◆ Given records:
━━━━━━━━━━

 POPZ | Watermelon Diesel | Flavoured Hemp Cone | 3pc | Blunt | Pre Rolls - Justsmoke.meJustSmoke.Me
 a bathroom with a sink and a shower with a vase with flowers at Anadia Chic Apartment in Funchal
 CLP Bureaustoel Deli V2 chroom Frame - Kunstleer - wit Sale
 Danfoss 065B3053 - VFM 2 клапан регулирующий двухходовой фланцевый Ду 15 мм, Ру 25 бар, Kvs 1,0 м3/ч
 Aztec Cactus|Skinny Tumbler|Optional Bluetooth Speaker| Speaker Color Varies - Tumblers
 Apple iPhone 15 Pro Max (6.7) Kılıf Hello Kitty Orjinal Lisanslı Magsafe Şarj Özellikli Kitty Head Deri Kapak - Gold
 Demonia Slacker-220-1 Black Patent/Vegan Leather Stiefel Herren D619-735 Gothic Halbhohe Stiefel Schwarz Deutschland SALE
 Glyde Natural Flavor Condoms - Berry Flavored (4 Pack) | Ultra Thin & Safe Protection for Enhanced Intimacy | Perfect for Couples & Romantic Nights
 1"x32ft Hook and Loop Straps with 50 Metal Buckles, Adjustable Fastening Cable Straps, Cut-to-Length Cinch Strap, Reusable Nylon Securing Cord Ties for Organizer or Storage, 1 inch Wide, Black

━━━━━━━━━━

◆ Assigned task: From the records above, transcribe without alteration every line from the one with "Aztec Cactus|Skinny Tumbler|Optional" to the one with "Demonia Slacker-220-1 Black", inclusive.

◆ Exercise result:
 Aztec Cactus|Skinny Tumbler|Optional Bluetooth Speaker| Speaker Color Varies - Tumblers
 Apple iPhone 15 Pro Max (6.7) Kılıf Hello Kitty Orjinal Lisanslı Magsafe Şarj Özellikli Kitty Head Deri Kapak - Gold
 Demonia Slacker-220-1 Black Patent/Vegan Leather Stiefel Herren D619-735 Gothic Halbhohe Stiefel Schwarz Deutschland SALE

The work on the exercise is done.